I thought of myself as part of her army. Her thought is ready to be integrated into our public and personal lives. Ain't I A Woman was a field guide to a liberation that centered on gender. Bell was producing work that provided tools like Audre Lorde. She didn't want to take on white supremacy without questioning patriarchy. She went deep and wide. She made arguments that pushed us past rhetoric and toward real freedom. She complicated theorists like Foucault and Laura Mulvey when she wrote about the white and male and capitalist gaze.
She was a poet and tracked the work of Black visual artists like painter Kerry James Marshall and photographers who were still largely unknown and struggling. She believed that the power of parallel universes in their art gave them more freedom. She wrote that using images allows us to connect ourselves to a recuperative, redemptive memory that allows us to construct radical identities.

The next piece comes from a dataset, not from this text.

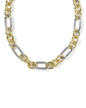 EMBRY LINK AND CHAIN NECKLACE MIXED METAL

She devoted all of her books to Black interior life and love and healing, the kind of work that feminist scholars avoid, because they risk not being taken seriously. She knew we would have to set cis patriarchal norms on fire to begin the healing of Black trauma. She was willing to burn it all down. To start again.
I received a letter from Reseda about five years ago. bell was learning about the work of bell hooks, who were being punished for committing violence because of their radical and logical arguments.
The bell passed away at the age of 69. mutual friends went to bell hooks bedside last week to say goodbye. Beverly Guy-Sheftall, former president of historic Spelman College, was being tended to by her sisters. I believe that she is lifted by this virtual procession toward her altar, where we lay love before her, forever grateful, forever changed by her, because she believed in ancestral communication that spans time and space.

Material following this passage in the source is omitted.